Resistive random access memory (ReRAM) is an emerging, non-volatile, low-power memory technology. ReRAM has a significant appeal due to its scalability at smaller processes and a much higher capability for memory density.

This project aims to create a research vehicle for silicon, proving computational ReRAM for research and education purposes. ReRAM allows for computation within the memory, eliminating the need to send data to and from a digital ALU (Arithmetic logic unit).

The current issues this project faces are a need for produced ReRAM chips, limited opportunities to get chips fabricated, and a test vehicle to gain an understanding of and better test the physical characteristics of ReRAM primitives in Skywater technology.

ReRAM technology is primarily used as a memory device. Therefore, understanding how it interacts with peripheral circuits while being implemented for computation is essential for our project and will be one of the goals of this project. Due to ReRAM being an emerging technology, there are multiple questions that we would like to answer. One major question is whether or not using ReRAM for computation is better than existing memory technologies.
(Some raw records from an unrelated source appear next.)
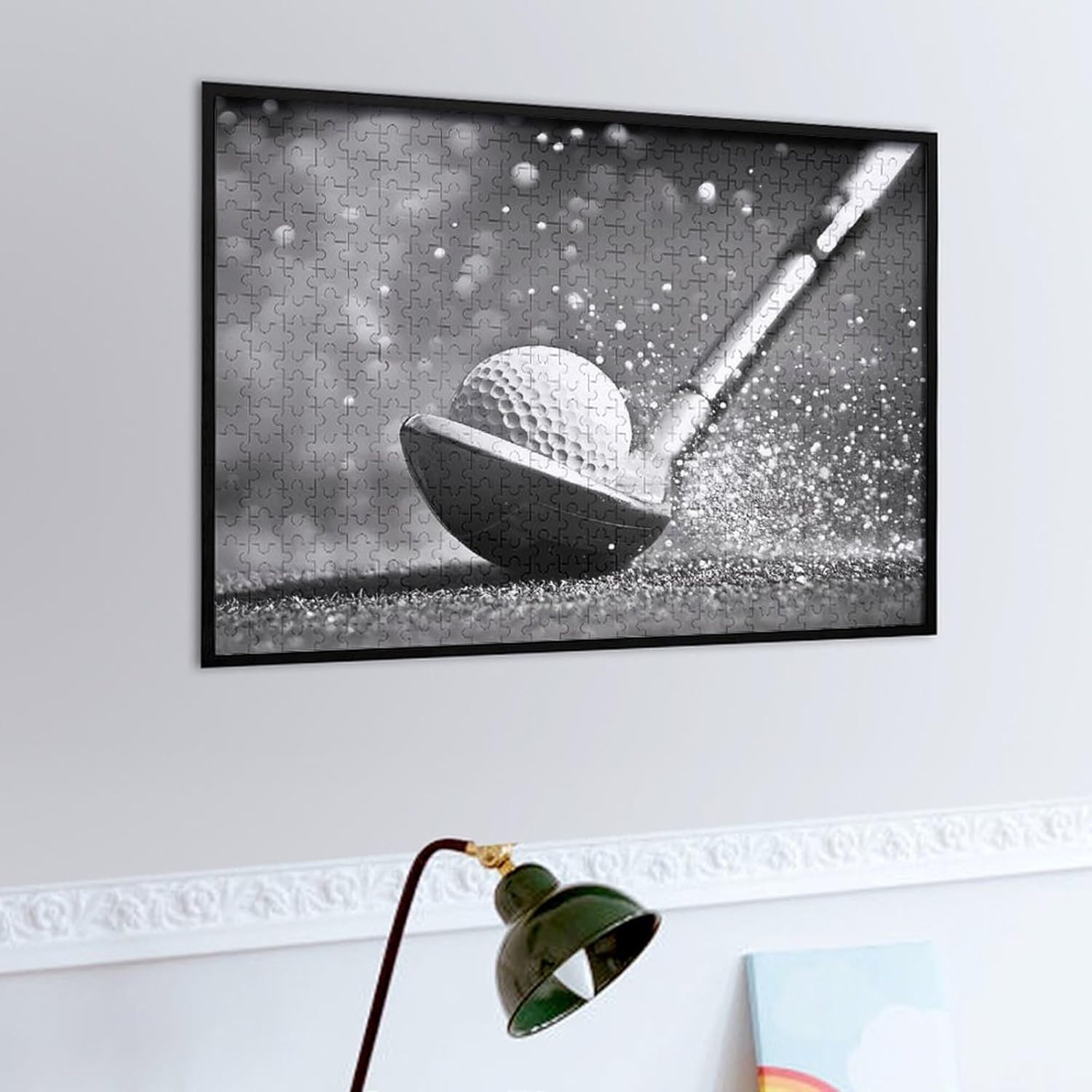 Black and White Golf Wood Puzzle Challenging Jigsaw Puzzles for Women Men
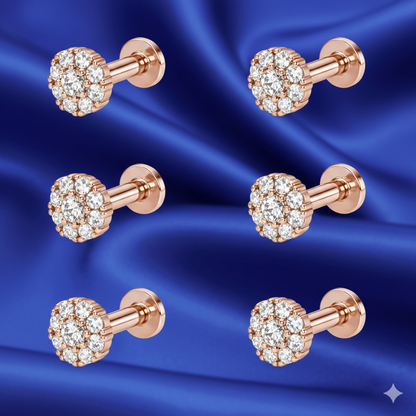 Rose gold flower crystal stud earrings with flat back design grouped in a combo pack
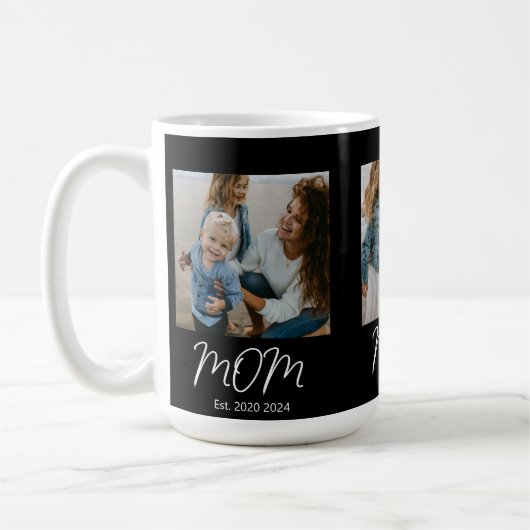Mom Established Script Black 3 Photo Insulated Kaffeetasse (Links)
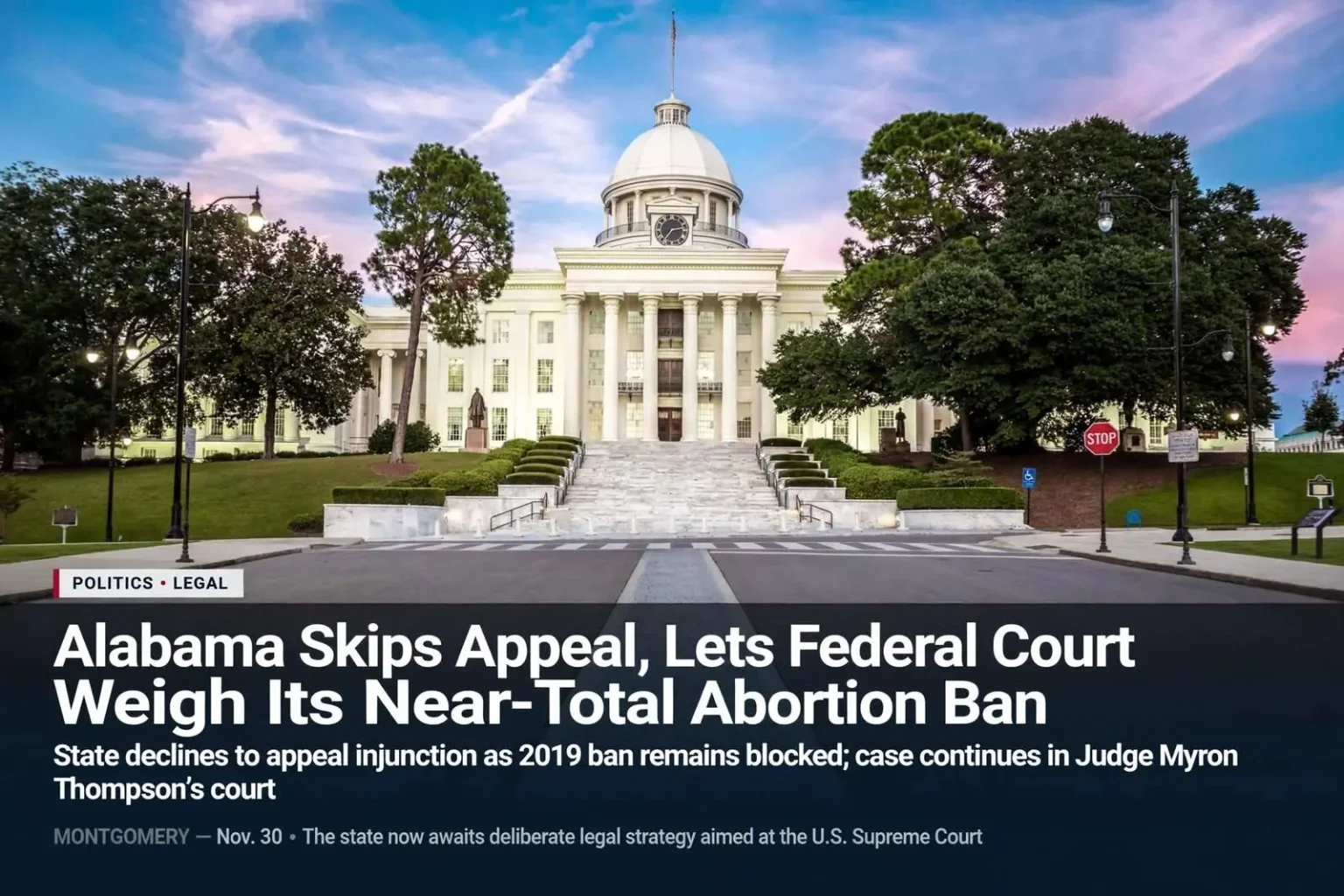 Illustration for the news story: Alabama Skips Appeal, Lets Federal Court Weigh Its Near-Total Abortion Ban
A few ways to measure this could be to compare computation accuracy, energy efficiency, and power consumption between ReRAM and a similar technology such as SRAM (Static Random Access Memory) or DRAM (Dynamic Random Access Memory).

#### 1.2 Users and User Needs

#### Professor Duwe and Professor Wang:

Professor Duwe and Prof. Wang are the primary users of this project. They are also the clients of this particular project. The results of our project would provide them with a practical example of a ReRAM compute crossbar and knowledge of how the Efabless process can be used to design and fabricate chips in the Skywater 130nm process.

#### Graduate students:

These users would be the graduate students that are under Professor Duwe and Professor Wang. These students would need documentation on the Efabless process and tool flow to apply that knowledge to their projects. This documentation would provide them with the benefit of easily being able to learn the process and allowing them to spend time on their research.

#### Undergrad students:

These students will be able to bring up our chip and others fabricated under Duwe as a part of their undergraduate curriculum. These students will need easy-to-follow lab documentation similar to EE 201 and 230. The benefit these students receive is the ability to bring up and test a physical chip in parallel with their regular course work, providing them valuable experience and real-world experience of the concepts they are learning.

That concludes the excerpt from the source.